- > ETF Inflows Shift Positive for the First Time in 2026
- > Strategy’s Bitcoin holdings on track for 1M?
- > DeFi feels the pain as $290m exploit ripples across protocols
ETF Inflows Shift Positive for the First Time in 2026
A study from European banking giant Deutsche Bank unveiled sentiment in the US began to flip in March, following a dour opening to 2026 for the crypto industry. According to the report, Crypto adoption: The comeback?, adoption in the US climbed 5% throughout March (to 12% of all survey respondents).
Interestingly, this trend was not reflected in the UK’s results, where adoption peaked in February before falling a handful of percentage points into March.

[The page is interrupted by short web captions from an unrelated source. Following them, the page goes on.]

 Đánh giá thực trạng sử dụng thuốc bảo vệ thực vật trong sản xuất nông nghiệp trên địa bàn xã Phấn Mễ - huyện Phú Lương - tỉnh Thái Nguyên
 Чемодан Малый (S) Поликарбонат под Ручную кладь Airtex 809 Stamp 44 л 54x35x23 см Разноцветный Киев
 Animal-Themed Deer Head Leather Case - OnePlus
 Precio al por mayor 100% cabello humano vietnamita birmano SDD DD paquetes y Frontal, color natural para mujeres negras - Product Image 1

Meanwhile, separate research (from Independent Reserve) found that a third of Australian residents have once, or currently own, a digital asset, a record high for the nation.
Despite the disparity in data across borders, these studies suggest Bitcoin showed signs of strength over the past four weeks. US adoption is reportedly back to July 2025 levels (when BTC was priced at $120k USD), and the cryptocurrency finished March in the green, marking the first positive month of the year.

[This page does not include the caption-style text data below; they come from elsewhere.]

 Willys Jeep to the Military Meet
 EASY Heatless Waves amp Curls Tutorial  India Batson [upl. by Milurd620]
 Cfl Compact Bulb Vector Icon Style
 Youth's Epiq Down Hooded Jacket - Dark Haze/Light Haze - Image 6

Although the short-term shift in performance has given the market reason for optimism, retail sentiment remained somewhat downtrodden on a longer scale. Deutsche Bank’s report detailed most respondents believed BTC was headed for a price of between $20–65k USD by the end of 2026, potentially signalling an imbalance between institutional and retail sentiment.
Furthering this divide was the performance of spot Bitcoin ETFs throughout March, which ended the month with positive flows for the first time this year. The basket of BTC funds available in the US saw $1.32 USD billion worth of inflows in March, although assets under management are still nearly 50% below their all-time high.
During the trading period spanning April 8–21, US-listed spot Bitcoin ETFs experienced net inflows on seven out of ten trading days, so the prospect of another green month is still on the cards.
The dichotomy between institutional and retail sentiment has been a major talking point over the past year – and this divide may linger as the market moves further into 2026.
Strategy’s Bitcoin holdings on track for 1M?
Bitcoin’s number one fan, Michael Saylor, has dipped back into his company’s pockets for another BTC purchase for its treasury – this time acquiring $2.5 billion USD worth of the cryptocurrency.
The 34,164 BTC were bought between 13 and 19 April, at an average price of $74,395 USD. The acquisition brings Strategy’s holdings to a hefty 815k BTC, with the business continuing to edge toward the 1 million BTC mark.
At the time of writing, Strategy’s BTC treasury totals nearly 4% of Bitcoin’s circulating supply, with the rate of acquisition accelerating substantially since February this year. Given Bitcoin’s philosophical, somewhat anti-corporate foundation, the high level of singular adoption has raised some centralisation concerns among the community.
Interestingly, Bitcoin’s current price (approx. $76k USD at the time of writing) sits almost bang-on Strategy’s average purchase price ($75.527k USD). The crypto market’s next major move could be a key factor in whether the company falls underwater, or sits on an unrealised profit for Q2 2026.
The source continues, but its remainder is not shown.